I'm constantly evaluating what I read and judging how, or if, I could write a particular passage better. Or whole books. I would have chopped about 200 pages off of Stephen Kings Duma Key. It would have been a hell of a good book if a little brevity had been practiced. 

I usually don't continue if it's so bad that the suckishness keeps drawing me out of the story though.


----------



## valeca (Mar 13, 2009)

[ot]Welcome back, Jamie![/ot]


----------



## silverwriter (Mar 13, 2009)

Ghost: Haha. Nice.

garmar: I'm curious to know if you think it's just Stephen King's writing style to be long-winded or if you think more along the lines of popular authors being given more leave to do as they like. Or if you think something else entirely.

valeca: A pleasure to be back.


----------



## garmar (Mar 13, 2009)

silverwriter said:


> garmar: I'm curious to know if you think it's just Stephen King's writing style to be long-winded or if you think more along the lines of popular authors being given more leave to do as they like. Or if you think something else entirely.



Before I say what is on my mind - I would like to point out that I've been a fan of King's work for over 25 years. The first horror story I ever read was Cujo, when I was eight. I bought all of his books as soon as they hit the shelves. 

That said; it seems to me that he has published nothing but trunk novels and self-serving drivel recently - like since the final Dark Tower book came out. Some would say that's all he ever did. I don't agree. But he really needs to learn how to 'kill his darlings'.

I guess since he is such a prominent name in the literary world, he can do this. I don't buy his books anymore though. I foolishly bought his last short story compilation and I just can't get into them. And I have always loved his short stories.


----------



## C.M.C. (Mar 14, 2009)

That was the first thing I said as soon as I finished The Ruins.  I thought the writing in that book was amateurish at best, and embarrassing in certain spots.


----------



## SparkyLT (Mar 14, 2009)

I'm not one to say _I_ could've done better, but I have read many books and grumbled on how they could have been improved. I can never remember names though; sorry.


----------



## Beja-Beja (Mar 14, 2009)

The Fire Within. Literally that was the moment I decided to be a writer when I was thriteen years old and could not comprehend how such a terrible book could be published let alone produce a sequel.


----------



## Hawke (Mar 15, 2009)

silverwriter said:


> It was probably a horrible show of ego on my part, but I remember reading a science fiction novella when I was about fourteen and thinking, "I could have written that much better!"

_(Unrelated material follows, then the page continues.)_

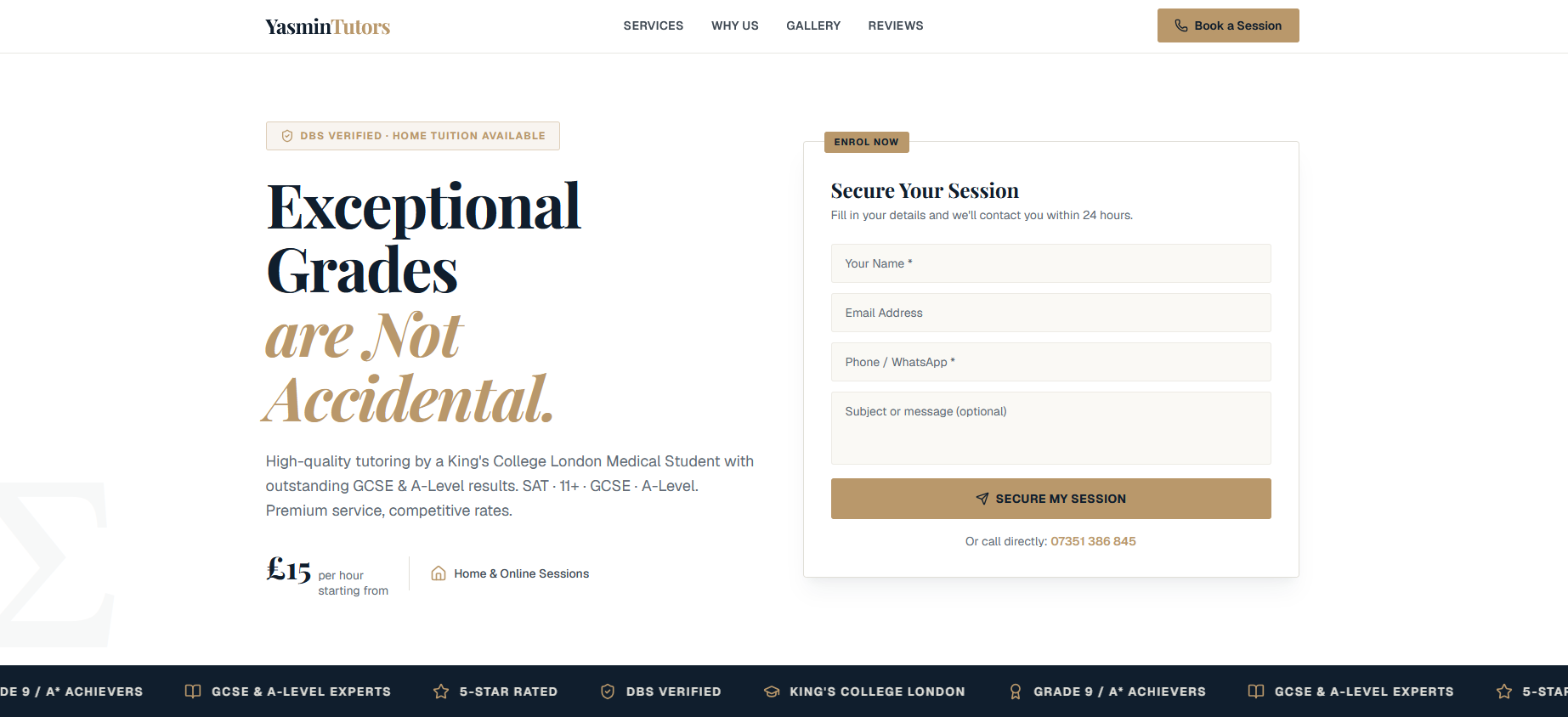 Yasmin Tutors website design by Nexiora
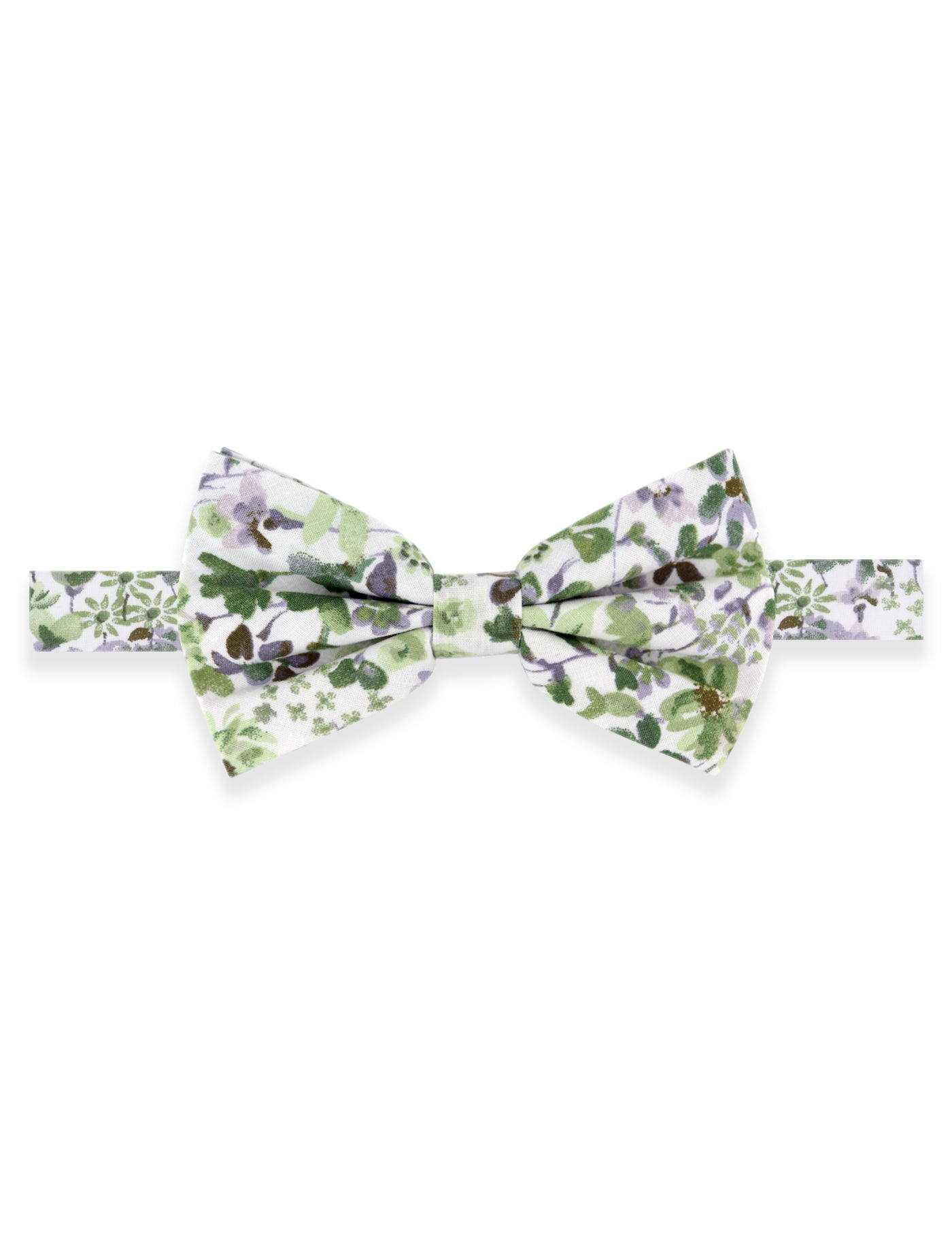 100% Cotton Floral Print Bow Tie - Green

First, welcome back, my dear. 

I'm not sure I ever thought I could write something better. But I have read novels which veered off in directions that didn't seem to work or cut off abruptly or the author dropped the ball here and there, and have thought, "I'd have done that differently." Of course, with that, _Boom!_ — there's inspiration.


----------



## silverwriter (Mar 18, 2009)

You've never read a book that you thought you could have written better? I'm impressed. I need to get you reviewing some of the self-pubbed that comes through. That'll boost your confidence.


----------



## Hawke (Mar 19, 2009)

A whole book? Nope. I'm the pickiest reader there is. If it's junk in the first couple of pages or so, it hits the bottom of the trash barrel no matter who wrote it. In other words, I don't usually give it time to decide whether I can write it better or not. But a good novel with a flaw or two can inspire.


----------



## Caballo (Mar 19, 2009)

The Celestine Prophecy.

Wonderful and very interesting ideas / concepts, but oh my god it was written in the most halting, boring, unattractive manner --- made me cringe a little bit.  I don't think I am the only one who could write this novel better, anyone with a hint of poetic creative talent could.  Plot: good, style: OMFGZ!


----------